The past week has seen major increases in global interest rates.  This would be good news if it was due to a strong global economic recovery.  But it isn’t.  Yesterday, Q1 US GDP growth was revised down to 1.8%, for example.  Instead, it seems to reflect investors’ fear that central banks may be losing control of the market.

The chart highlights the change that has taken place, using the concept of the JUUGS (Japan, US, UK, Germany, Switzerland) versus the PIIGS (Portugal, Ireland, Italy, Greece, Spain):

  • The blog first presented this 2 years ago, to argue that analysts were entirely wrong to worry about renewed inflation.  Ageing western and Chinese populations are a replacement economy, so there is little risk of a demand surge which would lead to serious inflation
  • As a result, the real issue is about return of capital, versus return on capital.  Older investors (who control 75% of investable assets in the West), have less time to recoup lost capital, as they need it for retirement.  So return of capital is their key concern
  • Thus interest rates had been falling in the JUUGS from August 2010 (red column) to May 2013 (blue).  These were seen as ‘safe’ markets.
  • They had instead been rising in the 3 main JUUGS (Greece/Ireland were supported by the ECB after their defaults)

But now investors are starting to worry that central bank bond buying via their $10tn liquidity programmes has pushed the JUUGS into a more risky position.  Their rates today (green) are higher  – for the first time since August 2010.
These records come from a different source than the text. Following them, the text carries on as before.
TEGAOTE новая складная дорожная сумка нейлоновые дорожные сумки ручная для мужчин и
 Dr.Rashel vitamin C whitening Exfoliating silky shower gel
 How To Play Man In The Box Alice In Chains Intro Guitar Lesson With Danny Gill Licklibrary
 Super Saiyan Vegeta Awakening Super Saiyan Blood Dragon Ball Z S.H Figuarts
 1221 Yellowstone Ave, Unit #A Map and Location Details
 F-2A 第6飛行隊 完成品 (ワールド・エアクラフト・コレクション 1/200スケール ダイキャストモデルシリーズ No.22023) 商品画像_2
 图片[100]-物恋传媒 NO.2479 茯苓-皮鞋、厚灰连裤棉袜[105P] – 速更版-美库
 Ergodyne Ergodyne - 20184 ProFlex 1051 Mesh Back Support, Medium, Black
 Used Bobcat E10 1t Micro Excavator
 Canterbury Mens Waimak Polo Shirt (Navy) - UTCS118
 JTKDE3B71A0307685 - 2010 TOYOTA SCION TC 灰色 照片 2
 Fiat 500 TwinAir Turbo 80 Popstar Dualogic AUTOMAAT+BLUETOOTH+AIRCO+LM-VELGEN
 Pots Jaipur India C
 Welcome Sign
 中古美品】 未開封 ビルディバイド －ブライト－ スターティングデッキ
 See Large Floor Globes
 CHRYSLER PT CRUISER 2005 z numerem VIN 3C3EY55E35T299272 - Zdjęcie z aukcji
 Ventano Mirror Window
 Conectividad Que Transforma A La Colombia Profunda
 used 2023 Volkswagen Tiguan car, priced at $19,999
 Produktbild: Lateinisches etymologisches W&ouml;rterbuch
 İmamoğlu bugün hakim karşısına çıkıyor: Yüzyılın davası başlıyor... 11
Clearly we don’t know what will happen next.  Investors may decide their fears were over-stated.  But they may decide to worry that China may begin to sell its $1.2tn holding of US Treasury bonds and $450bn of US housing agency bonds?  Or Japan its $1.1tn of Treasury bonds?:

  • There is no reason for either country to continue to own these bonds
  • They loaned the money to support their export sales, so Americans could buy their goods
  • But their exports today have slowed, and they need the money to support their own economies

Central banks have gambled huge amounts of money on the risky and unlikely proposition that they can kick-start growth.  They preferred to ignore the obvious fact that ageing populations cause growth to slow or go negative.  Current interest rate moves highlight that this risk is now becoming more obvious, and on a wider scale.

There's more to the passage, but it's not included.